» **What the task requires**: The lines to return are those from the line holding "Applique da parete" through the last line of the entries below, both included, written exactly and without pictures.

» **Supplied entries**:
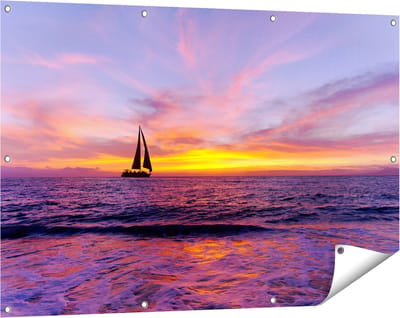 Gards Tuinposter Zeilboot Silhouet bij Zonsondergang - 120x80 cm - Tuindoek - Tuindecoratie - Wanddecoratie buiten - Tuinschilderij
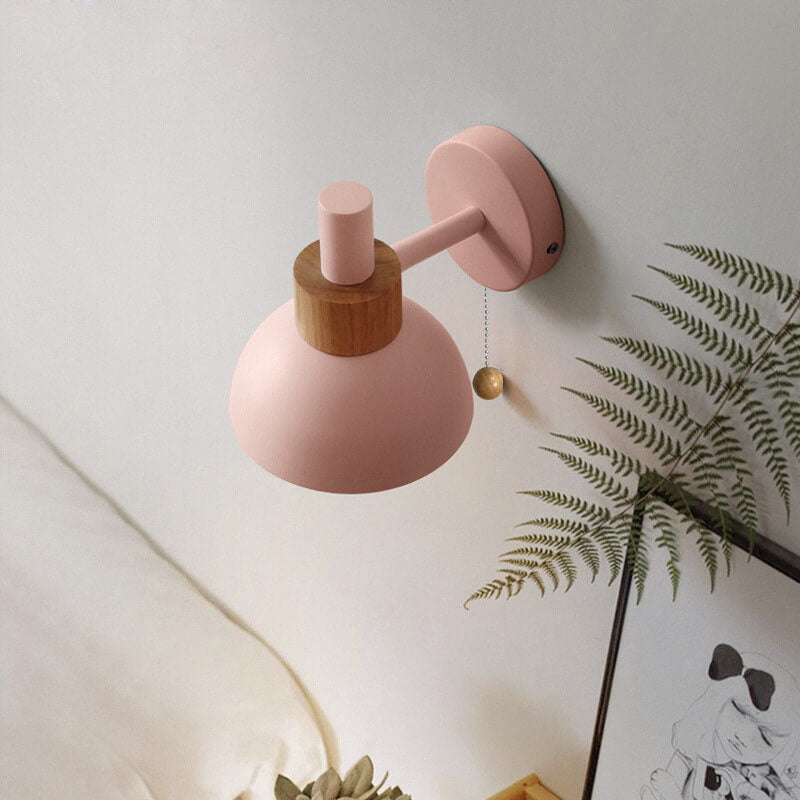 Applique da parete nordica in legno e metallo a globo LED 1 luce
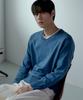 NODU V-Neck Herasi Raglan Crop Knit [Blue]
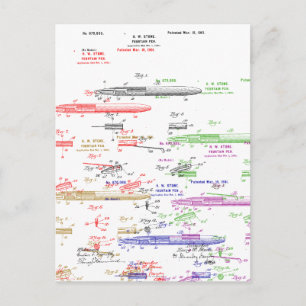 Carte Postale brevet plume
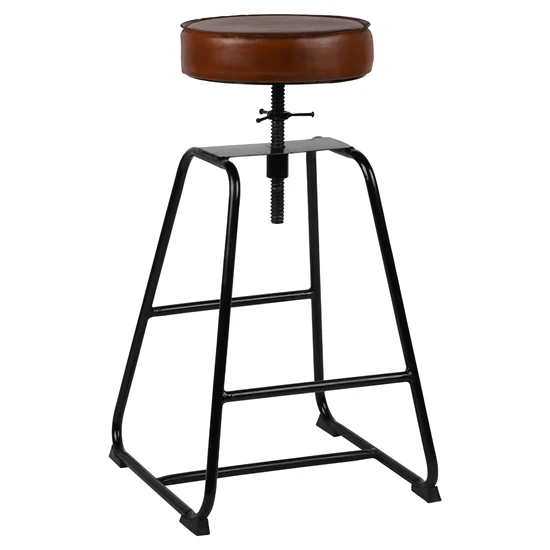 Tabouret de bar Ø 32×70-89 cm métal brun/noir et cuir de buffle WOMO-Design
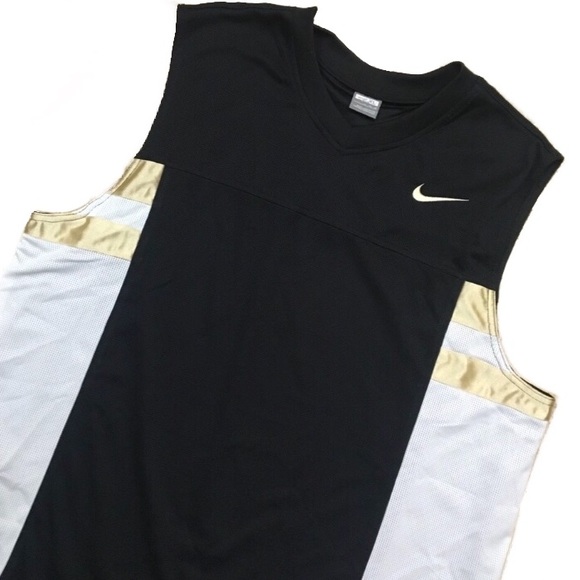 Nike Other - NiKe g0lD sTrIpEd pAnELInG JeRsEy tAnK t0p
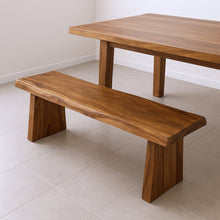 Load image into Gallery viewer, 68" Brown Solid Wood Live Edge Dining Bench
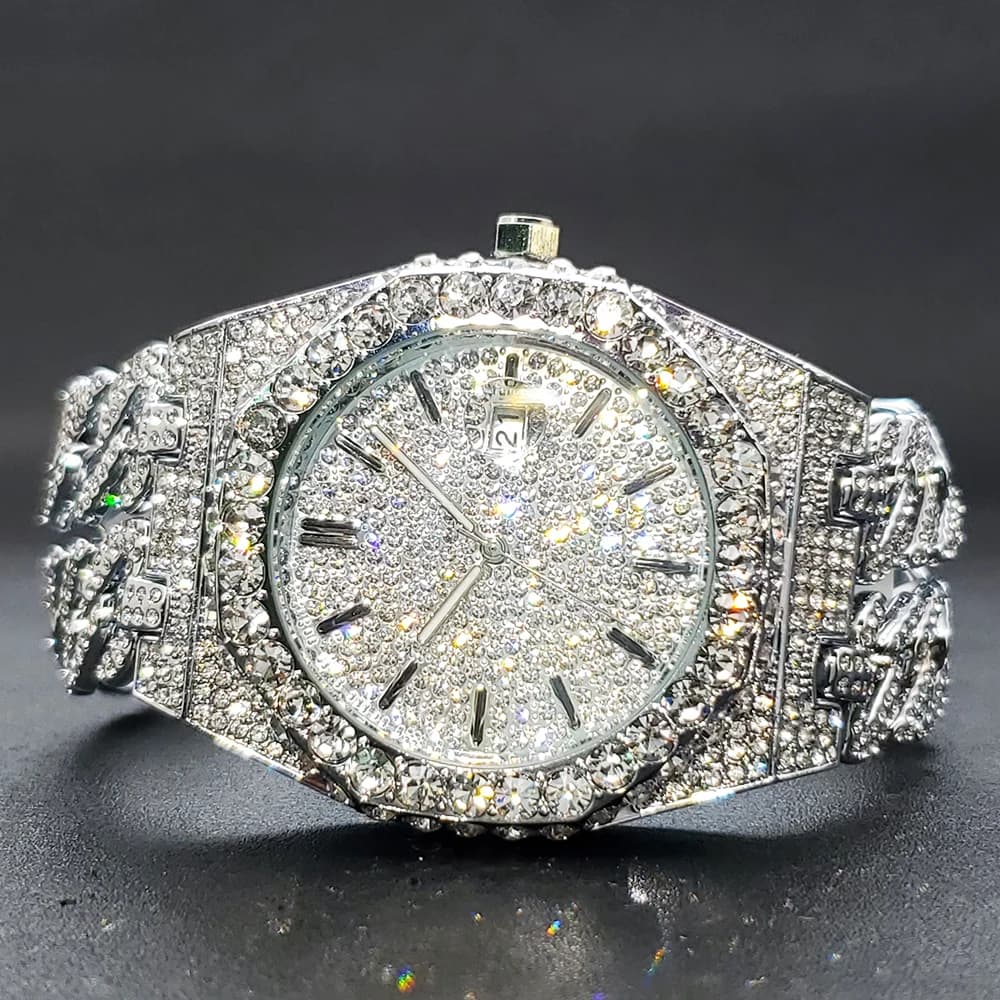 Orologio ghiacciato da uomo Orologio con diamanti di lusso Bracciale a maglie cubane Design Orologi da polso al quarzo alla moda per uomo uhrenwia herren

» **Written solution**:
 Applique da parete nordica in legno e metallo a globo LED 1 luce
 NODU V-Neck Herasi Raglan Crop Knit [Blue]
 Carte Postale brevet plume
 Tabouret de bar Ø 32×70-89 cm métal brun/noir et cuir de buffle WOMO-Design
 Nike Other - NiKe g0lD sTrIpEd pAnELInG JeRsEy tAnK t0p
 Load image into Gallery viewer, 68" Brown Solid Wood Live Edge Dining Bench
 Orologio ghiacciato da uomo Orologio con diamanti di lusso Bracciale a maglie cubane Design Orologi da polso al quarzo alla moda per uomo uhrenwia herren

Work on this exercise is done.